Immortalized in movies like The Philadelphia Story and Grease, the Main Line helped to shape what we think of when we imagine the suburbs; Betty Draper, the quintessential American housewife of Mad Men, grew up in Lower Merion.

But the advantages that accrued to the mostly white people here, both in the movies and in real life, were never intended for Goins or his family. In Haverford Township, where Black people make up just 3% of the population, you can practically feel the history looming.
From the redlining practices lenders used as early suburbs grew, to agreements that banned people of color from purchasing certain homes, America’s suburban landscape can’t be severed from its racist roots. Nor can the yawning wealth gap between Black Americans and white Americans.
Yet Goins’ great-great-grandfather Earlie Jenkins did buy a home on the Main Line. He became part of a small but thriving middle-class Black community that remains today. In reporting the family’s story, The Inquirer also uncovered previously unreported racial restrictions that covered a swath of Haverford Township, including a 200-lot whites-only subdivision, directly across the street from the home that Jenkins purchased.
The family’s experience illuminates the complicated legacy of racial exclusion on the Main Line. Because despite racial covenants that blocked Black people from buying area homes in the 1920s, the Jenkinses did not endure a single, static theft.
Instead, over five generations, they had to reckon with ever-mutating forms of theft and exclusion. They rooted and organized and built their own history. Jenkins worked in the cafeteria of the school that his great-great-grandson graduated from. From all appearances, the family achieved suburban prosperity — but a tenuous, bounded version of it.
“It’s like they open the door and show you the other side,” Goins said. “But they won’t let you go in.”
‘Your Investment Will Be Protected Forever’
Earlie Jenkins badly wanted his children to get a better education than he did. So when he got a letter from his brother promising a better job on the Main Line, he bid goodbye to the North Carolina farming town where he grew up and set off for the North with his wife and three children. He had never gone to school past the fifth grade; he refused to see the same thing happen again.
Soft-spoken, with a slight Southern drawl and gray-green eyes, Jenkins arrived in 1929, at a moment of great opportunity on the Main Line. Jenkins was one of tens of thousands of Black people streaming into Greater Philadelphia for a chance. Town officials prided themselves on creating a place that would serve as a beacon of good fortune not just for Philadelphia, but for the country.
“Those of us who live here can scarcely realize how profound an impression is made upon the foreigner or even upon the visitor from other parts of America as he is driven mile after mile past places where there is no jarring note of ugliness,” a 1919 housing report commissioned by the Main Line Citizens’ Association said.
As similar suburbs sprang up across the country over the next few decades, Black families like the Jenkinses were “effectively shut out” of the bounty, said Andre M. Perry, a senior fellow at Brookings Metro who studies structural inequity.

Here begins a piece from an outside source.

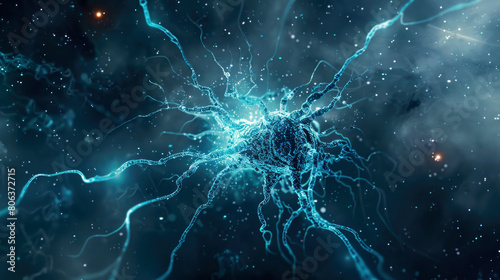 a blue digital visualization of a neuron that transmits nerve impulses. Neuron cells with glowing link knots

Immediately upon arriving, Jenkins could see that the path forward would be uneven. He moved his family into a two-bedroom apartment above a store in Bryn Mawr; the five Jenkinses slept in one room, renting the other out to save money.
Soon Jenkins found work as a cook at The Haverford School, a prestigious private school for the sons of the Main Line elite. Photos from the time show him in the cafeteria in a starched white uniform, his chef’s hat tilted to the side.

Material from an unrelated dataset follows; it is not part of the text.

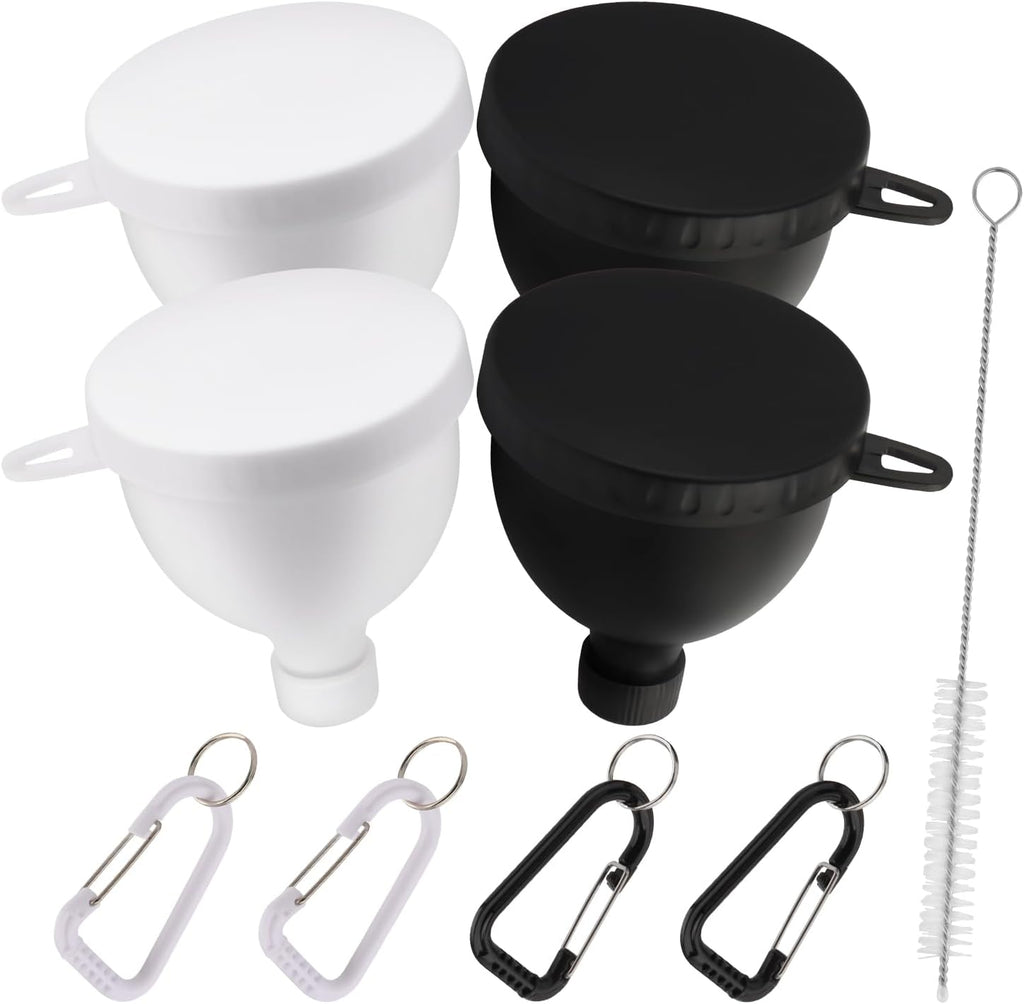 Protein Powder Funnel 4-Pack with Cleaning Brush, 5oz Leak-Proof Containers, Gym Travel Supplement Dispenser, Black White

Jenkins’ wife, Roxanna, an inventive woman with a mathematical mind, found work cooking and cleaning for a white Main Line family. She took the jobs that were available to her — the vast majority of Black women in the paid workforce in Ardmore listed their employers as “private families” in 1920, according to a dissertation analysis by Trecia Pottinger.

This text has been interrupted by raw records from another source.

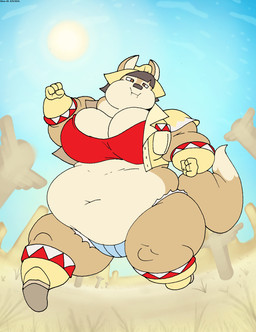 anthro belly big_belly big_breasts black_hair boots bottomwear breasts brown_eyes chubby_cheeks clothing crop_top deep_navel fat_arms female footwear fur gloves hair handwear hat headgear headwear heat_(temperature) huge_breasts jacket light multicolored_body multicolored_fur navel obese obese_anthro obese_female overweight overweight_anthro overweight_female shirt shoes shorts solo sun sunlight tan_body tan_fur thick_thighs topwear two_tone_body two_tone_fur weight_gain wild_west virus-20 june_coyote canid canine canis coyote mammal 2024 digital_media_(artwork) hi_res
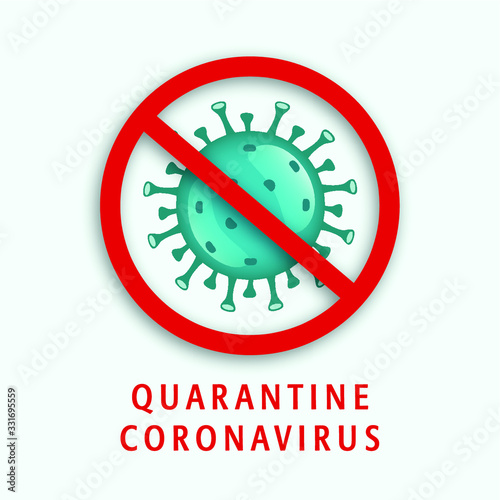 Coronavirus or COVID-19 logo. Stop the SARS-CoV-2, virus symbol, stop sign or quarantine logo.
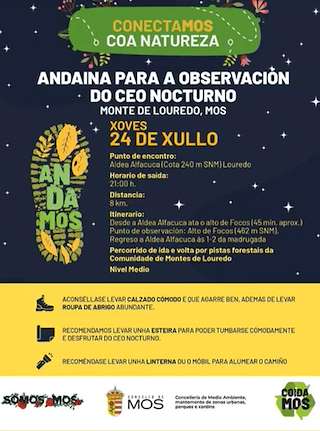 Fechas, información, programa, cartel, imágenes, mapa y ubicación de Andaina para a Observación do Ceo Nocturno  en  Mos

Earlie Jenkins had migrated 400 miles north, crossing the Mason-Dixon Line, to settle in the Philadelphia suburbs. But still, his family worked for white employers and went to white schools and paid a white landlord. That was a perilous position to be in. In 1940, all the Black families in the apartment building where the Jenkinses lived were kicked out, according to LaDoris Cordell, Jenkins’ granddaughter, a retired judge who lives in California. The family referred to it as “the Great Eviction.”
As the Jenkinses packed their boxes once again, a savvy developer named Frank H. Mahan had recently finished building “sturdy, modern, semi-detached homes” for families just two miles away. But though he advertised them widely, they were not available to the Jenkinses.
“The said premises shall not be sold to, owned, used or occupied by any person or persons other than those of the Caucasian race,” read deeds from the mid-1920s that The Inquirer uncovered on a subdivision in Haverford Township covering 200 lots. The Inquirer also identified another Mahan subdivision, Golf Villa, blanketed in racial restrictions.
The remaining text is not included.